Parents in the West Shore got some good news last week when the province chipped in $23.3 million to buy 6.5 hectares (16 acres) of land for an elementary and a middle school in the Westhills development.
The new buildings are sorely needed.
The Sooke School District, holding onto its title as the fastest-growing district in the province, expects 1,800 more students over the next five years.
Royal Bay Secondary School in Colwood famously had to bring in portables not long after it opened. Dunsmuir Middle School and Spencer Middle School have 20 portables between them.
The new schools will be able to hold a total of 1,000 students, about as many as are using those 20 portables. More schools are needed, and Sooke school board chairman Ravi Parmar said more land purchases are in the works in other parts of Langford. The province is looking at plans to expand Royal Bay.
Buying the land is just the first step. The district will need more money from the province to build the schools.
Ordinarily, it takes four years to build a new school, but Langford is known for its ability to get construction projects moving quickly, so that should speed up the timeline. Still, teachers and students will have to suffer through the portable experience for a few more years.
The frenzy of building and the need for portables seem surreal in a region where schools have been shuttered. The Greater Victoria School District has closed seven schools over the past 15 years. Yet now, its own crews are building new portables.
It appears wasteful and damaging to neighbourhoods to close schools that are so central to their communities. And equally wasteful to build new schools when shuttered ones are still standing.
The problem, of course, is that neighbourhoods change, and the empty schools are too often in areas where children used to live. School planners are left chasing population bubbles around the district or into other districts, such as Sooke.
Even when they build, they might not build big enough. Education Minister Rob Fleming said he hopes to address some of the problems by changing the capital regulations for school construction so that rapidly growing districts aren’t stuck building schools such as Royal Bay that can’t handle the expanding population.

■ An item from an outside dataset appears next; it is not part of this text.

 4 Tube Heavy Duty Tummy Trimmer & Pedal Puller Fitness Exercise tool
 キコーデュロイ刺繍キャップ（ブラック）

Pity the school districts that have to try to predict where the next wave will break. Will mounting house prices push young families even further outside the core? Will house prices fall, allowing families to move back into older neighbourhoods? Will birth rates rise or fall? What about immigration rates?
We almost need modular schools, with the ability to mothball sections of a school until they are needed or to easily add classrooms when enrolment mushrooms. If only we could put them on wheels and bring the classrooms to the students.
The pace and location of growth often seem to outrun planners’ ability to keep up. And if the past two decades have been unpredictable, the future promises to be even more so.
In the short term, however, we know the need is in the West Shore, and the provincial government says more schools are on the way.